Print, exactly and completely, the data that appears below.

----------------------------------------

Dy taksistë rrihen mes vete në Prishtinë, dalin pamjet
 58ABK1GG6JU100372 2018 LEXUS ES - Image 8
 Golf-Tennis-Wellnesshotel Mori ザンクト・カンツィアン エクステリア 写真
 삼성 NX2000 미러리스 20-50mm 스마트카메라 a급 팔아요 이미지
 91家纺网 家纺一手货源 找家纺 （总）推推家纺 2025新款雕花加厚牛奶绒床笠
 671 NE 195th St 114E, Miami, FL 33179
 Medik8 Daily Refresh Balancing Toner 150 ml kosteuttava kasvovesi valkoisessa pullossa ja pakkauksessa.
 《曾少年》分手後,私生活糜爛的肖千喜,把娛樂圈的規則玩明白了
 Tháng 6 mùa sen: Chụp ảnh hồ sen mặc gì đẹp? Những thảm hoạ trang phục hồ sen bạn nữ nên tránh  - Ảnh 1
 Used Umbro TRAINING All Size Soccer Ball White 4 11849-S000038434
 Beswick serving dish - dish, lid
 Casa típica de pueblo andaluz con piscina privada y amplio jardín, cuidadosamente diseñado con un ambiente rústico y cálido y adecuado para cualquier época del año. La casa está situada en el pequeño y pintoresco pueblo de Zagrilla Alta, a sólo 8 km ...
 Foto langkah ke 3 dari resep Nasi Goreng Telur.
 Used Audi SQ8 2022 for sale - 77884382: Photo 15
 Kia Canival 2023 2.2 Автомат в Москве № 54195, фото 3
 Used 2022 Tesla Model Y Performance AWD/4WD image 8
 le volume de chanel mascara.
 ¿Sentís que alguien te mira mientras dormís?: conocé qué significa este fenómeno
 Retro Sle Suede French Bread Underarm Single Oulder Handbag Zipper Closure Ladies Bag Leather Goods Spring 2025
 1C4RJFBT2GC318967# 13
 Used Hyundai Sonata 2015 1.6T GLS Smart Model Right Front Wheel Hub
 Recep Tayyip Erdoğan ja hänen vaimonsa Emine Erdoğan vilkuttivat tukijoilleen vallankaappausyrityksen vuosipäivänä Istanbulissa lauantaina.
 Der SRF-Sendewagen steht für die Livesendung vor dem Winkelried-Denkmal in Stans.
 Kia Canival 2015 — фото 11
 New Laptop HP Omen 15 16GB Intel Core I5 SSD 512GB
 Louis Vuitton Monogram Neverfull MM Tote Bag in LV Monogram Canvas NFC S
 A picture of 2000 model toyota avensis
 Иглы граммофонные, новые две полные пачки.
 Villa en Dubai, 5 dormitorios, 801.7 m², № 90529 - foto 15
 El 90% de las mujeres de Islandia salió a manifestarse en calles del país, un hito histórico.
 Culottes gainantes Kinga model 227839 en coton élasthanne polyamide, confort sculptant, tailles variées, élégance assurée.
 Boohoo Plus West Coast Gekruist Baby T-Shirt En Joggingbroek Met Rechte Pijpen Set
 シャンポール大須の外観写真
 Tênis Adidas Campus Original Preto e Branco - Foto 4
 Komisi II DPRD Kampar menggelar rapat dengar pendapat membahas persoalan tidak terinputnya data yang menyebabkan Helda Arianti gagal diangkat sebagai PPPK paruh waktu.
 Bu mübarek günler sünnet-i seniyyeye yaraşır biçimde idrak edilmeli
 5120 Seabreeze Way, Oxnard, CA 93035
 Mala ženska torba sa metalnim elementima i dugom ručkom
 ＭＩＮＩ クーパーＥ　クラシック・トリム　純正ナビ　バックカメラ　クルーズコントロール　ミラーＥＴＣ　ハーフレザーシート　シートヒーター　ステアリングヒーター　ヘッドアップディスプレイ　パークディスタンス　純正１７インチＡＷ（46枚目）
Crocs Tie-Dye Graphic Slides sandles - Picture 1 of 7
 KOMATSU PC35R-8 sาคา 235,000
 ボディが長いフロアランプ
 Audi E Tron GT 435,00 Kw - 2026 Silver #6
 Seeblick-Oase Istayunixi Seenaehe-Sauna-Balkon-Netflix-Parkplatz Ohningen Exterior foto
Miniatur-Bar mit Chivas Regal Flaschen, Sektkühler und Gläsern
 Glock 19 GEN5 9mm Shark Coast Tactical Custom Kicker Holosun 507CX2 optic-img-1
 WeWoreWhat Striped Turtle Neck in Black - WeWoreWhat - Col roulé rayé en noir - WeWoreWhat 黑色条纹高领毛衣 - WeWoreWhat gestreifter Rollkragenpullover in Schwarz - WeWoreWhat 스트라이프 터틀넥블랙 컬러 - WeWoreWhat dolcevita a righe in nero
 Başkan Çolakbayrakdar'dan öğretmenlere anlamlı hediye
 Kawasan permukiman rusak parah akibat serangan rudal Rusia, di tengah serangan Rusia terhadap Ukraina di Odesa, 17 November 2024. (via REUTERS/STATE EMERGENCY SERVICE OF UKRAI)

----------------------------------------

### [ANSWER]
Dy taksistë rrihen mes vete në Prishtinë, dalin pamjet
 58ABK1GG6JU100372 2018 LEXUS ES - Image 8
 Golf-Tennis-Wellnesshotel Mori ザンクト・カンツィアン エクステリア 写真
 삼성 NX2000 미러리스 20-50mm 스마트카메라 a급 팔아요 이미지
 91家纺网 家纺一手货源 找家纺 （总）推推家纺 2025新款雕花加厚牛奶绒床笠
 671 NE 195th St 114E, Miami, FL 33179
 Medik8 Daily Refresh Balancing Toner 150 ml kosteuttava kasvovesi valkoisessa pullossa ja pakkauksessa.
 《曾少年》分手後,私生活糜爛的肖千喜,把娛樂圈的規則玩明白了
 Tháng 6 mùa sen: Chụp ảnh hồ sen mặc gì đẹp? Những thảm hoạ trang phục hồ sen bạn nữ nên tránh  - Ảnh 1
 Used Umbro TRAINING All Size Soccer Ball White 4 11849-S000038434
 Beswick serving dish - dish, lid
 Casa típica de pueblo andaluz con piscina privada y amplio jardín, cuidadosamente diseñado con un ambiente rústico y cálido y adecuado para cualquier época del año. La casa está situada en el pequeño y pintoresco pueblo de Zagrilla Alta, a sólo 8 km ...
 Foto langkah ke 3 dari resep Nasi Goreng Telur.
 Used Audi SQ8 2022 for sale - 77884382: Photo 15
 Kia Canival 2023 2.2 Автомат в Москве № 54195, фото 3
 Used 2022 Tesla Model Y Performance AWD/4WD image 8
 le volume de chanel mascara.
 ¿Sentís que alguien te mira mientras dormís?: conocé qué significa este fenómeno
 Retro Sle Suede French Bread Underarm Single Oulder Handbag Zipper Closure Ladies Bag Leather Goods Spring 2025
 1C4RJFBT2GC318967# 13
 Used Hyundai Sonata 2015 1.6T GLS Smart Model Right Front Wheel Hub
 Recep Tayyip Erdoğan ja hänen vaimonsa Emine Erdoğan vilkuttivat tukijoilleen vallankaappausyrityksen vuosipäivänä Istanbulissa lauantaina.
 Der SRF-Sendewagen steht für die Livesendung vor dem Winkelried-Denkmal in Stans.
 Kia Canival 2015 — фото 11
 New Laptop HP Omen 15 16GB Intel Core I5 SSD 512GB
 Louis Vuitton Monogram Neverfull MM Tote Bag in LV Monogram Canvas NFC S
 A picture of 2000 model toyota avensis
 Иглы граммофонные, новые две полные пачки.
 Villa en Dubai, 5 dormitorios, 801.7 m², № 90529 - foto 15
 El 90% de las mujeres de Islandia salió a manifestarse en calles del país, un hito histórico.
 Culottes gainantes Kinga model 227839 en coton élasthanne polyamide, confort sculptant, tailles variées, élégance assurée.
 Boohoo Plus West Coast Gekruist Baby T-Shirt En Joggingbroek Met Rechte Pijpen Set
 シャンポール大須の外観写真
 Tênis Adidas Campus Original Preto e Branco - Foto 4
 Komisi II DPRD Kampar menggelar rapat dengar pendapat membahas persoalan tidak terinputnya data yang menyebabkan Helda Arianti gagal diangkat sebagai PPPK paruh waktu.
 Bu mübarek günler sünnet-i seniyyeye yaraşır biçimde idrak edilmeli
 5120 Seabreeze Way, Oxnard, CA 93035
 Mala ženska torba sa metalnim elementima i dugom ručkom
 ＭＩＮＩ クーパーＥ　クラシック・トリム　純正ナビ　バックカメラ　クルーズコントロール　ミラーＥＴＣ　ハーフレザーシート　シートヒーター　ステアリングヒーター　ヘッドアップディスプレイ　パークディスタンス　純正１７インチＡＷ（46枚目）
Crocs Tie-Dye Graphic Slides sandles - Picture 1 of 7
 KOMATSU PC35R-8 sาคา 235,000
 ボディが長いフロアランプ
 Audi E Tron GT 435,00 Kw - 2026 Silver #6
 Seeblick-Oase Istayunixi Seenaehe-Sauna-Balkon-Netflix-Parkplatz Ohningen Exterior foto
Miniatur-Bar mit Chivas Regal Flaschen, Sektkühler und Gläsern
 Glock 19 GEN5 9mm Shark Coast Tactical Custom Kicker Holosun 507CX2 optic-img-1
 WeWoreWhat Striped Turtle Neck in Black - WeWoreWhat - Col roulé rayé en noir - WeWoreWhat 黑色条纹高领毛衣 - WeWoreWhat gestreifter Rollkragenpullover in Schwarz - WeWoreWhat 스트라이프 터틀넥블랙 컬러 - WeWoreWhat dolcevita a righe in nero
 Başkan Çolakbayrakdar'dan öğretmenlere anlamlı hediye
 Kawasan permukiman rusak parah akibat serangan rudal Rusia, di tengah serangan Rusia terhadap Ukraina di Odesa, 17 November 2024. (via REUTERS/STATE EMERGENCY SERVICE OF UKRAI)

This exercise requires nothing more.